JUAN GONZÁLEZ: The protest on Monday was the latest in a long string of nonviolent protests led by Jewish Voice for Peace — at Grand Central Terminal during rush hour, at the Statue of Liberty, at the Manhattan Bridge. Do you feel the Biden administration is hearing your voice?
ELENA STEIN: May it be so. Listen, the Biden administration is watching all of us. They have watched the needle move. I mean, two-thirds — the polls are showing that two-thirds of Americans now want an arms embargo. Two-thirds of Americans are saying that they don’t want arms to go to Israel. This is astonishing. And let’s understand it for what it is, which is an extraordinary win by the Palestinian-led movement for Palestinian liberation. And, of course, we see the Biden administration not listening. We see Congress not listening. All of us are asking, “Why is this?”
Well, first of all, it’s because we don’t live in a democracy. They don’t have to listen to us. It is for their own imperial and financial interests. It is for their own interests in controlling the region, which have been broken open and uncovered in so many of the interviews you’ve done here on Democracy Now!
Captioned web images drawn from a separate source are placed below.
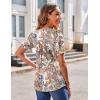 Zeagoo Women’s Puff Short Sleeve Boho Shirts Casual V Neck Floral Solid Summer Blouse Pleated Tunic Top(Mz453)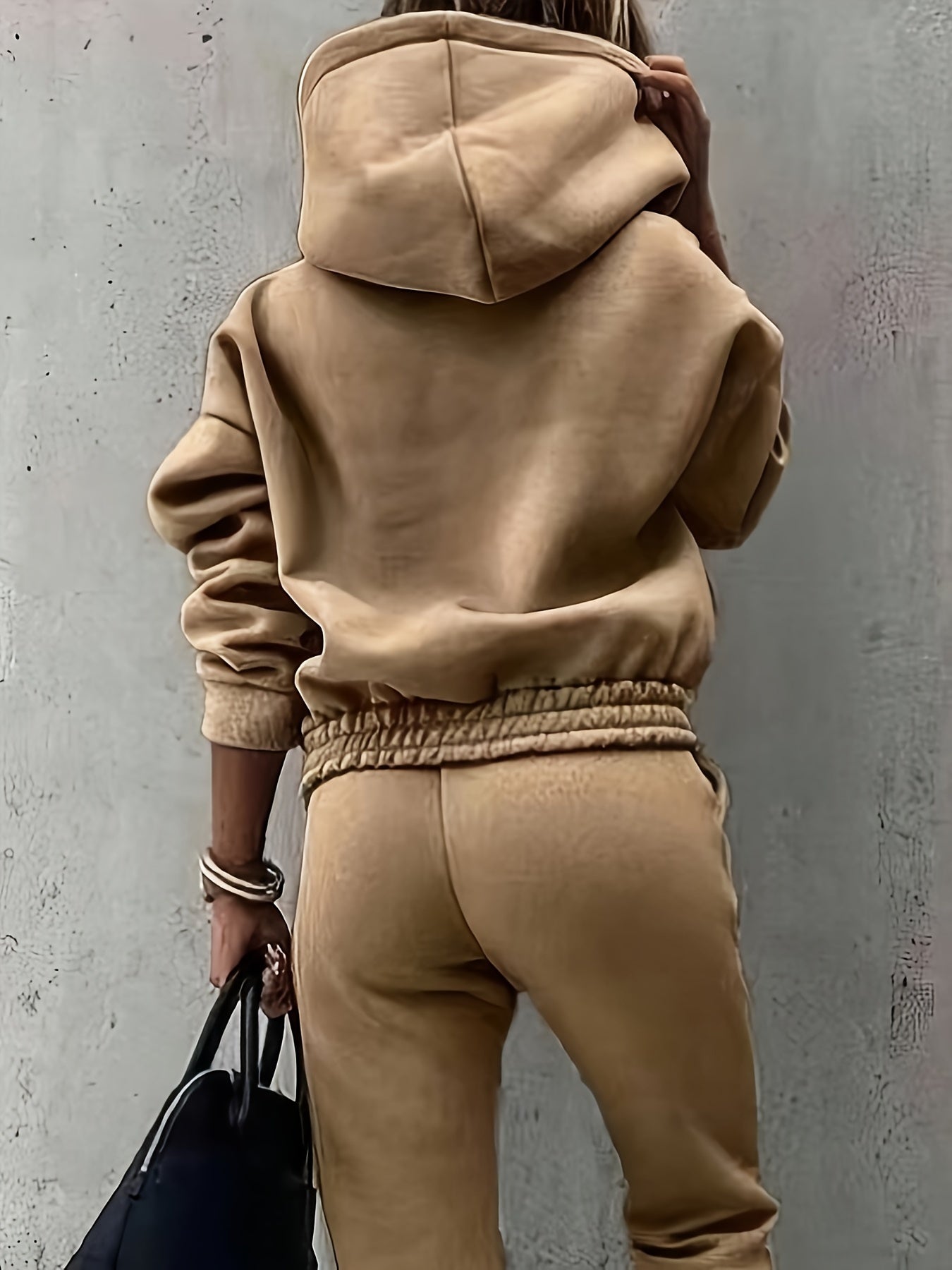 Women's Solid Color Polyester Loungewear Set with Hoodie and Jogger Pants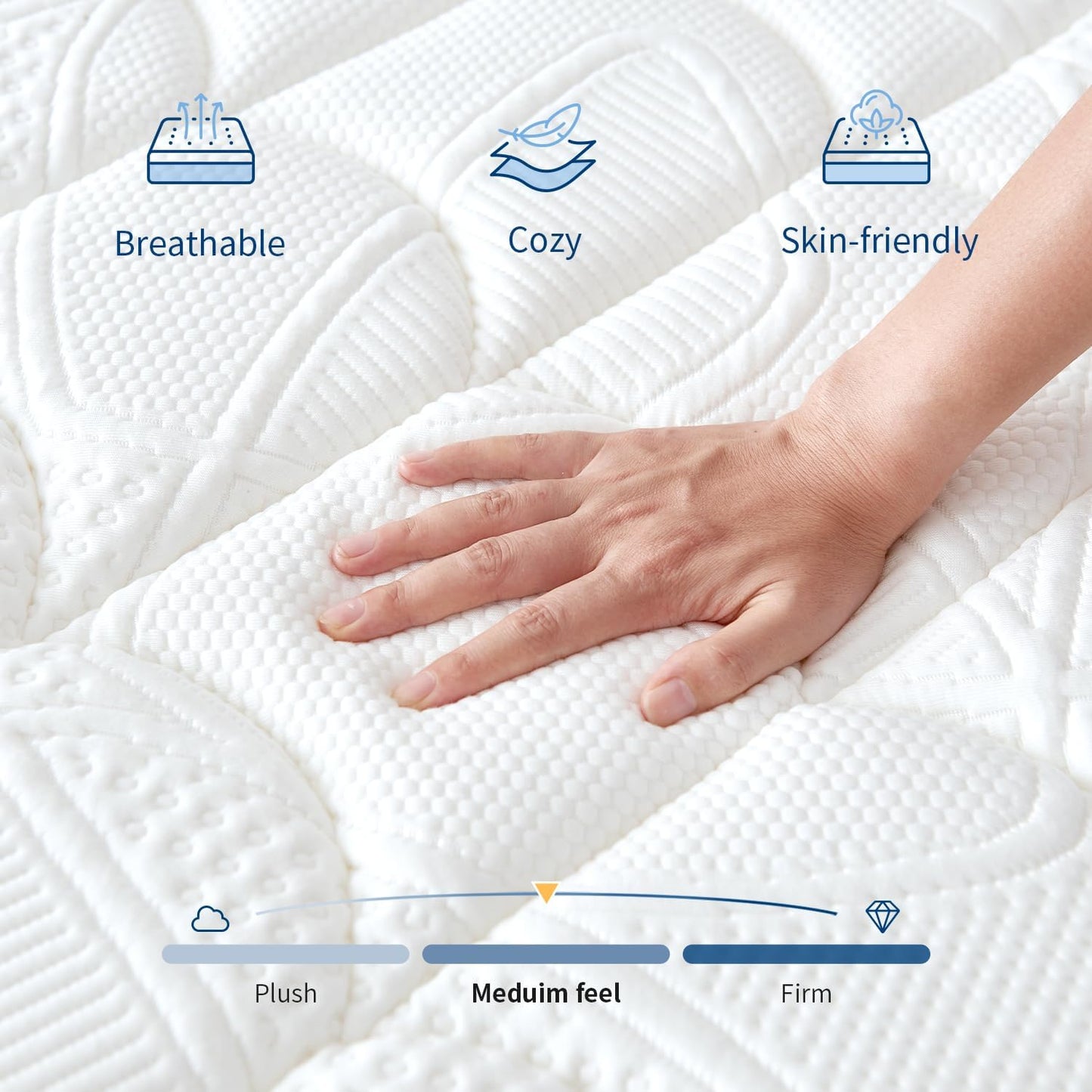 Luxury Hybrid Euro Top Mattress – 7-Zone Orthopaedic Cooling Support Comfort Sleep Single Double King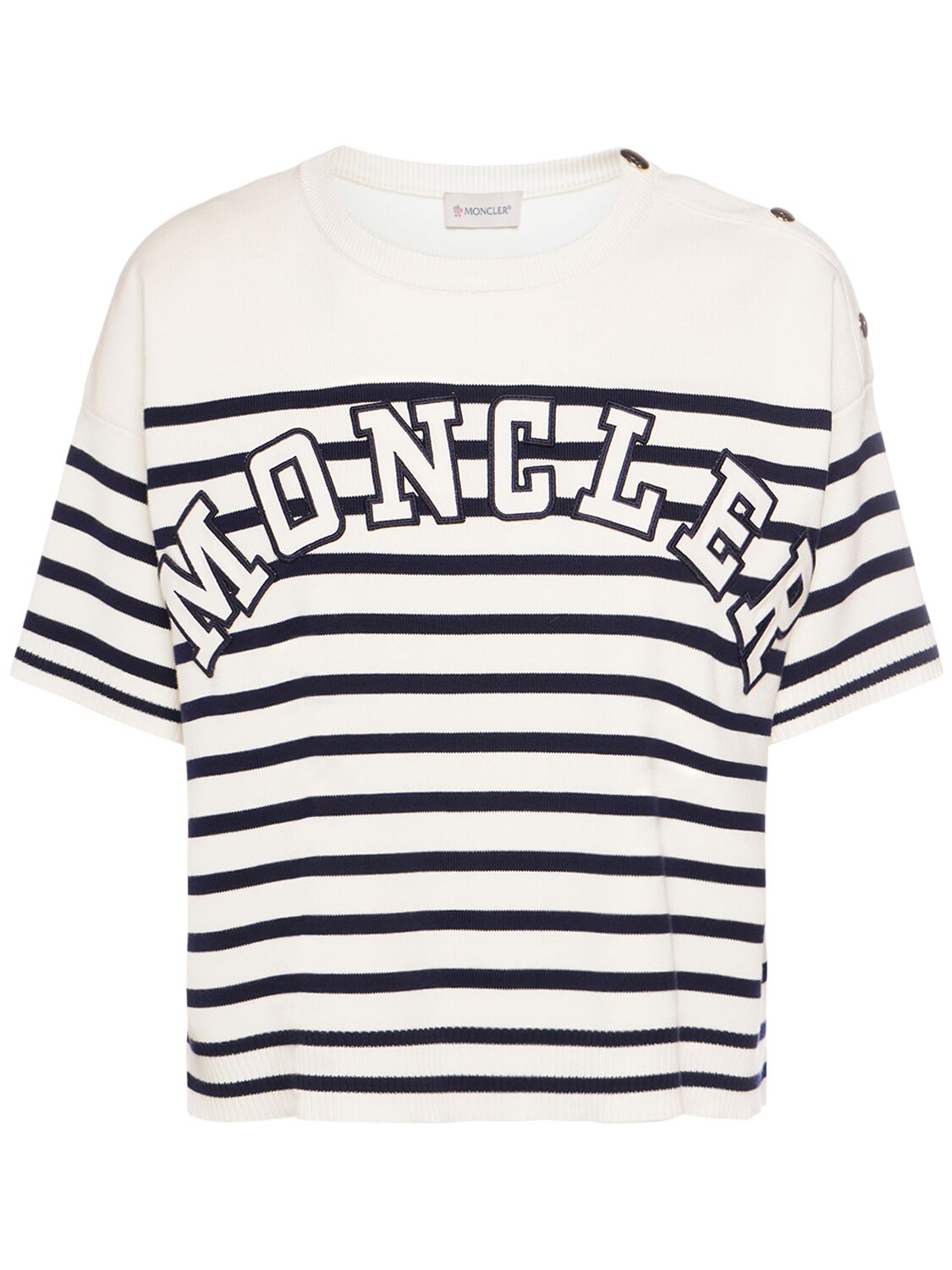 Moncler Striped Cotton T-shirt W/ Logo In White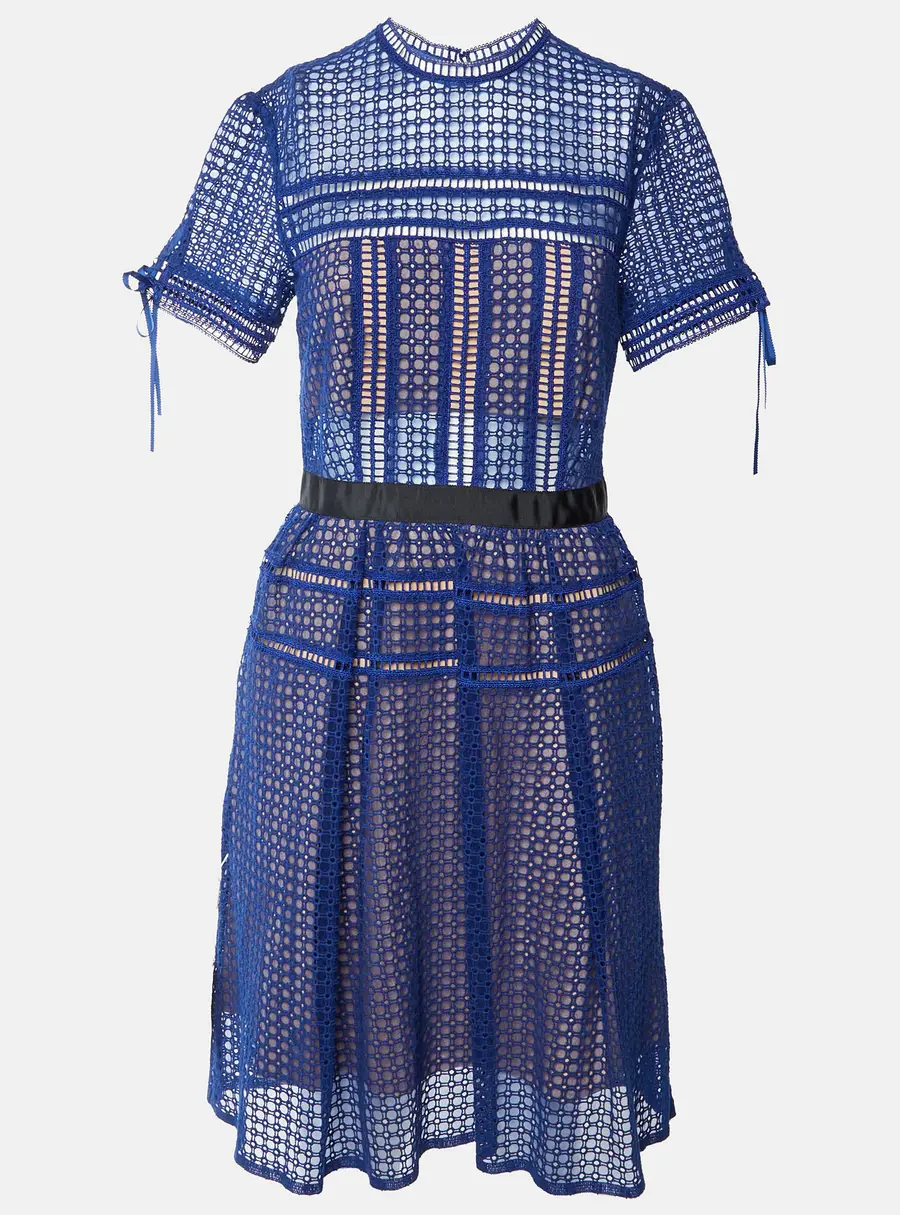 Self-Portrait Blue Eyelet Lace Pleated Aurelia Midi Dress M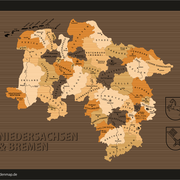 Bundesländer 'Niedersachsen & Bremen' (Ansicht als Vektorgrafik)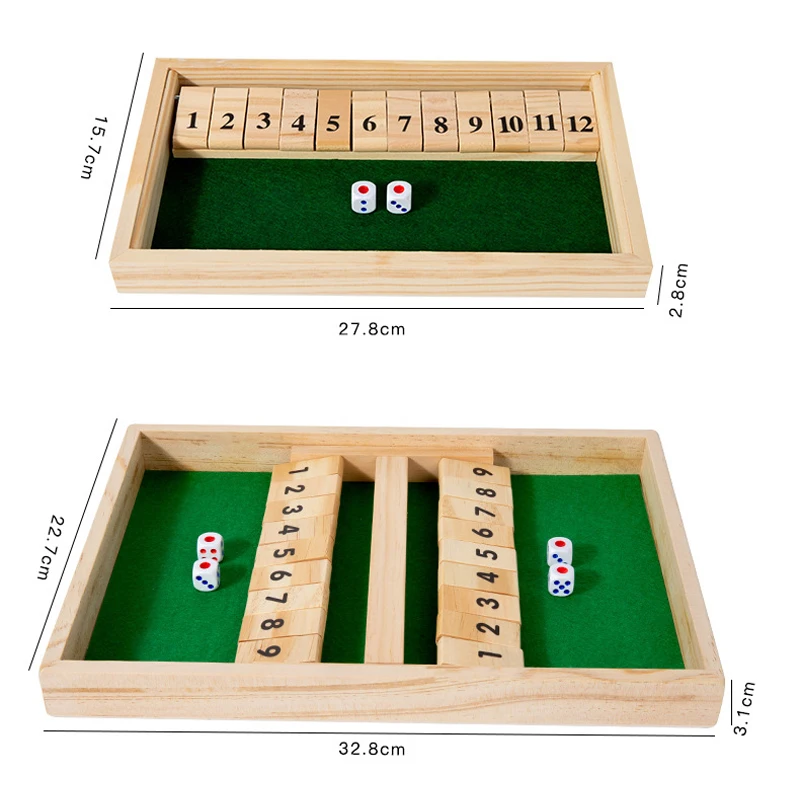 Wooden Dice Board Game Shut The Box for Players Flaps & Dices Game Parent-children Interaction Family Entertainment
Wooden Dice Board Game Shut The Box for Players Flaps & Dices Game Parent-children Interaction Family Entertainment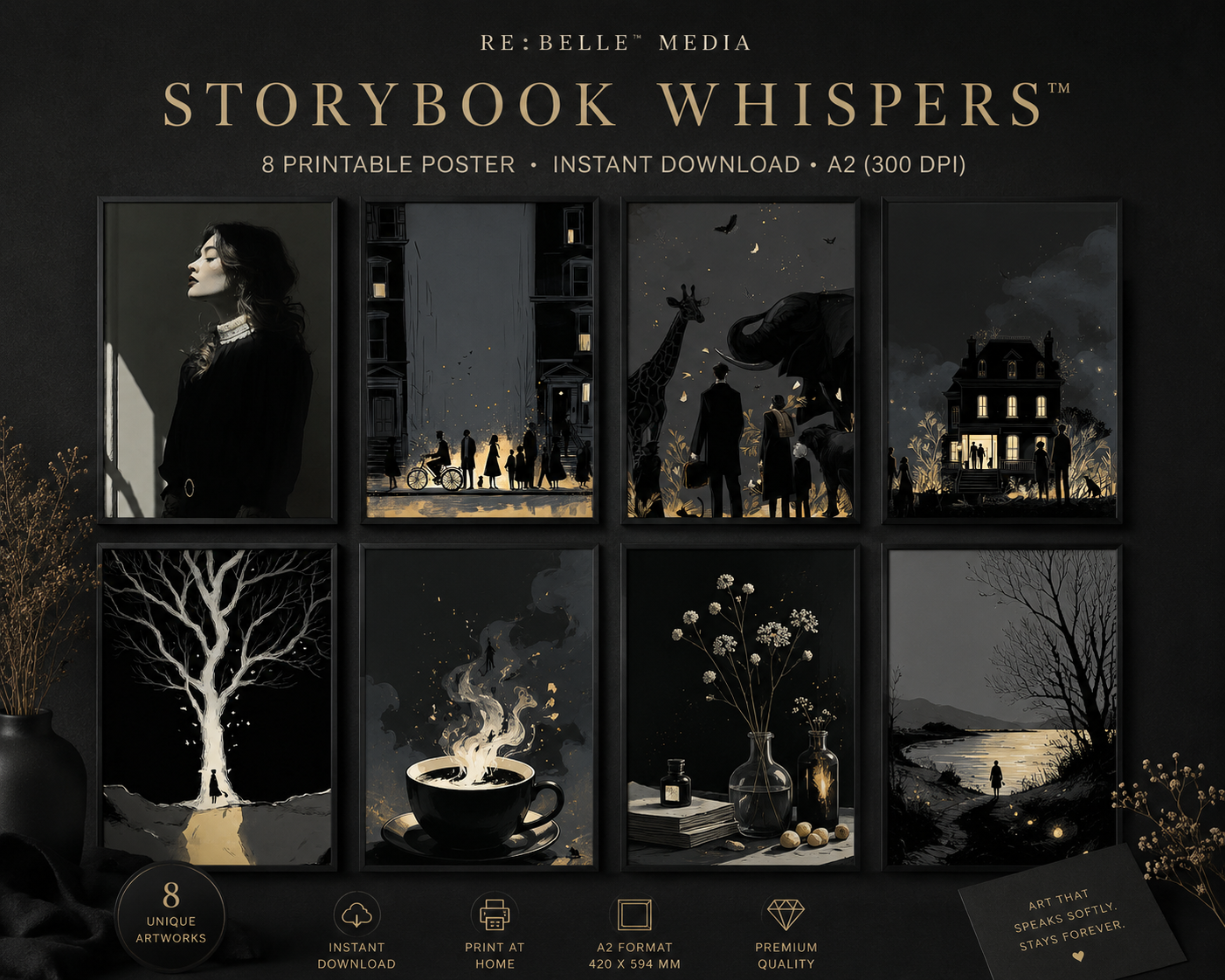 Storybook Whispers™ Printable Poster Bundle Acht Motive wie Seiten eines Buches, das nie ganz endet.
And it’s for their financial interests and financial gain, because we know of the corporate control of this country.
And so, we see this moment of — I mean, to be quite honest, we see a lot of despair and a lot of hopelessness right now, especially as Israel expands its war of extermination deeper into Gaza and then throughout Lebanon and, you know, bombing Lebanon and Syria and Yemen and the West Bank, and the risk, the threat to soon be bombing Iran at the same time. To watch them not just listen but to expand it at the same time is truly extraordinary, and to feel so many millions more terrorized as they’re watching their loved ones in these other countries now fleeing for their lives, as well.
And we refuse to give up. Right? We take inspiration from all of the movements that came before us that never gave up after one year of not winning. We take inspiration especially from the Palestinian struggle, that has been here fighting for 76 years and has never thrown in the towel because it is such an uphill battle. And all of us here in the belly of the beast, where we know is in control of these arms and this funding, we must do the exact same. We cannot give up. We must double down right now. And even if the path to that arms embargo is getting increasingly muddled as we see them refuse to listen to us, we know that what all of us must be doing is applying this pressure from every angle possible, and that every single one of us has a role to play.
AMY GOODMAN: Elena Stein, I want to thank you for being with us. She is the Jewish Voice for Peace director of organizing strategy, a descendant of a Holocaust survivor. On Monday morning, she was arrested along with about two [sic] other Jewish activists and allies in one of the largest acts of — 200 Jewish activists and allies in one of the largest acts of civil disobedience the New York Stock Exchange has seen, demanding the U.S. stop arming Israel.